Udo Proksch war ein Enfant terrible der österreichischen Gesellschaft, ab 1974 Besitzer der berühmten k. u. k. Hofzuckerbäckerei Demel und Gründer des Club 45, einer Seilschaft mit maßgeblichen Politikern (v. a. SPÖ), die nach dem Vorbild der italienischen P2 zur Erlangung von Machtpositionen errichtet wurde. Prokschs Eltern Rudolf und Anna Elisabeth waren – auch nach dem Zweiten Weltkrieg – überzeugte Nationalsozialisten, Udo besuchte bis 1945 die NAPOLA-Schule nahe Bischofshofen. Später sah er sich als apolitisch, dennoch erklärte er, die Bourgeoisie zu hassen, obwohl er sich quer durch die europäische Oberschicht liiert und heiratet (z. B. Daphne Wagner). Proksch studiert einige Semester auf der Akademie für Angewandte Kunst, betreibt ein Designstudio (u. a. für Brillen). Ab 1972 scheint er unter Serge Kirchhofer als Einzelprokurist bei Demel auf. Zu seinen „Ideen“ gehörte etwa der „Verein der Senkrechtbegrabenen“, der Tote in Plastikröhren einschweißen und senkrecht in die Erde stellen wollte – Ziel: Plastikindustrie ankurbeln, Platzmangel auf Friedhöfen lösen – Mitglieder u. a.: Helmut Zilk, Prokschs zweite Ehefrau Erika Pluhar und Helmut Qualtinger (ein weiterer Trinkfreund Prokschs war übrigens Oskar Werner). Eine andere „Idee“ gegen die Langeweile sah ein Sperrgebiet vor, in dem Männer mit echten Waffen und scharfer Munition Krieg „spielen“ können – quasi ein kontrolliertes „Ausleben“ des unausrottbaren Tötungstriebes im Mann. Durch seine guten Verbindungen zum Verteidigungsministerium soll es ihm sogar einmal möglich gewesen sein, mit einem Kampfflugzeug über Wien zu fliegen.

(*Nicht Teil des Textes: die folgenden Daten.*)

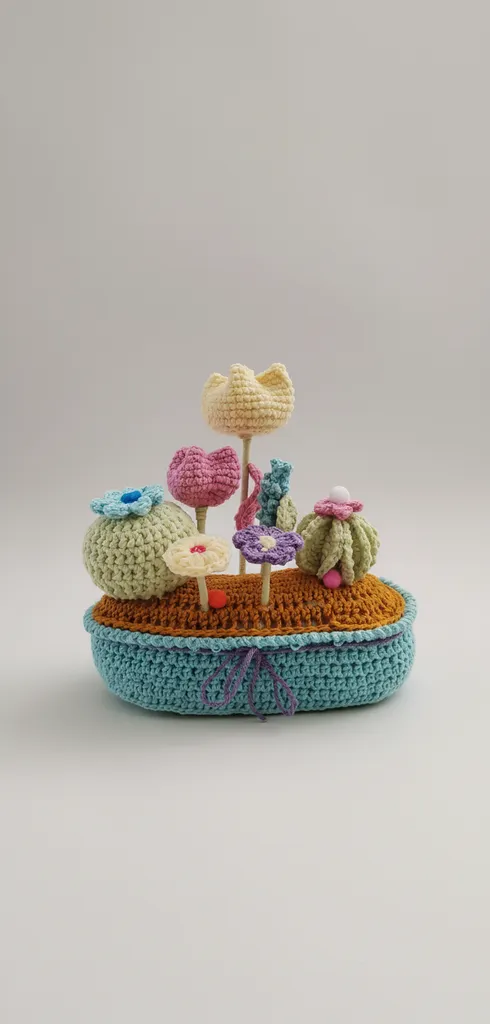 Örgü Çiçek ve Kaktüs Aranjmanı - Saksıda Dekoratif El Yapımı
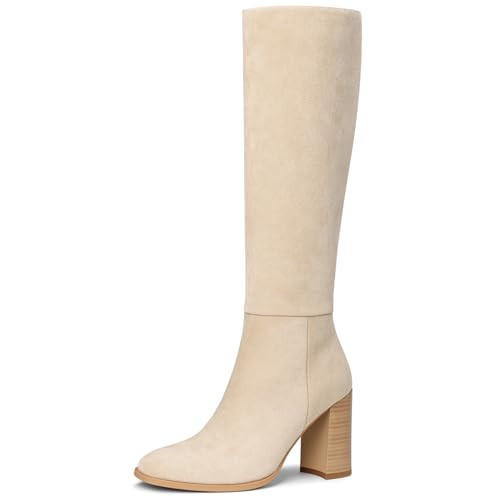 Lumeheel Beige Knee High Boots for Women - Round Toe Chunky Heel Suede Boots with Side Zip, Fashion Tall Boots for Fall Winter, Size 11 | Amazon (US)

Jedenfalls führt Proksch auf dem Truppenübungsplatz Hochfilzen in Tirol wiederholt Sprengübungen unter der Aufsicht von Major Hans Edelmaier durch, hier kommt er in den Besitz von Sprengstoff aus Beständen des österreichischen Bundesheeres. 1977 charterte er den Frachter Lucona, um angeblich eine auf 212 Millionen Schilling (15,4 Millionen Euro) versicherte Uranerzmühle zu verschiffen. Die Lucona sank im Indischen Ozean nach einer Explosion, bei der sechs Menschen starben. Die Bundesländer-Versicherung zahlte die Versicherungssumme nicht aus, da sie vermutete, die Lucona habe nur Schrott geladen, dies wurde durch den Umstand erhärtet, dass bisher niemals eine Uranerzanlage in Betrieb gewesen ist. Am 15. Februar 1985 wurden Proksch und Hans Peter Daimler wegen Betrugsverdachts verhaftet, aber schon am 28. Februar wieder auf freien Fuß gesetzt.

Erst durch die Aufdeckungsarbeit des Journalisten Hans Pretterebner, dessen Buch Der Fall Lucona im Dezember 1987 erschien, und Proksch‘ anschließende Flucht Anfang 1988 begann die Aufarbeitung des Lucona-Skandals, der in Österreich als „Jahrhundertskandal“ gilt. Er führte unter anderem zum Rücktritt des Parlamentspräsidenten Leopold Gratz und des Innenministers Karl Blecha. Proksch wurde nach einer Flucht nach Asien (inkl. Gesichtsoperation in Manila) und durch halb Europa im Oktober 1989 (unter dem Namen Alfred Semrad) erneut verhaftet. Ein Tiefseetauchteam mit Roboter entdeckte schließlich das Wrack auf dem Meeresgrund, die Aufnahmen der Explosionsstelle bestätigten die Vorwürfe der Anklage.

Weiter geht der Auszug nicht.